Cursos com menos de 10 colocados nos três últimos anos letivos

Em risco de fechar

Fonte: GRUPO DE TRABALHO AUTOR DO Relatório Sobre o Acesso ao Ensino Superior, junho 2019

PROCURA

Os cursos que, em cada um dos últimos três anos, receberam menos de 10 novos alunos não poderão abrir vagas em qualquer modalidade de acesso. Mas há exceções: licenciaturas em artes do espetáculo (excluídas desta lista), nas áreas do digital e ciências de dados, em que não haja oferta alternativa no país ou que tenham mercado junto de estudantes internacionais.

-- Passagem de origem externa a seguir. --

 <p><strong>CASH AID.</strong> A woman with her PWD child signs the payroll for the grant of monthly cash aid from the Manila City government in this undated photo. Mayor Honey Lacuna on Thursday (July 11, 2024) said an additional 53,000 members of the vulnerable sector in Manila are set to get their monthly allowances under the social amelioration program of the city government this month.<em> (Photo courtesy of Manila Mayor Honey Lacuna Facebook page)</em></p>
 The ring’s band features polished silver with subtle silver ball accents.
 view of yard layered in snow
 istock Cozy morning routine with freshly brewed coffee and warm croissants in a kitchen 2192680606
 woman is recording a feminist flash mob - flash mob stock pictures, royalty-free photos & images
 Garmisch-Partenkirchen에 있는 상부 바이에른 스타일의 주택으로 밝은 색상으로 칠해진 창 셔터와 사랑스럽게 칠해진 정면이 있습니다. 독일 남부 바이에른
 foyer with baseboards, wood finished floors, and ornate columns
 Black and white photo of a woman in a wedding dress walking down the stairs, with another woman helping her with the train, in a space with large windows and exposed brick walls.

Cursos sem desempregados inscritos no IEFP

Fonte: Fonte: Portal Infocursos, MCTES

EMPREGO

É um dos indicadores que tem sido usado pelo Ministério na regulação de vagas. Os cursos que tenham desemprego mais alto do que a média da instituição ou do que a média do país na respetiva área de estudo não podem aumentar o número de lugares. Mas também aqui há exceções, designadamente para escolas do interior. Este indicador é medido através do número de diplomados nos quatros anos letivos anteriores e o de inscritos no Instituto de Emprego e Formação Profissional que tiraram esses mesmos cursos. Por isso, pode pecar por defeito, já que a inscrição num centro de emprego não é obrigatória e o jovem pode ter emigrado ou ter começado a trabalhar noutra área. Nesta lista apenas estão identificados os cursos sem registos no final de 2018 e que diplomaram mais de 80 estudantes entre 2014 e 2017. A nível nacional a taxa de recém-diplomados inscritos no IEFP é de 3,4% no ensino público e de 4,1% no privado.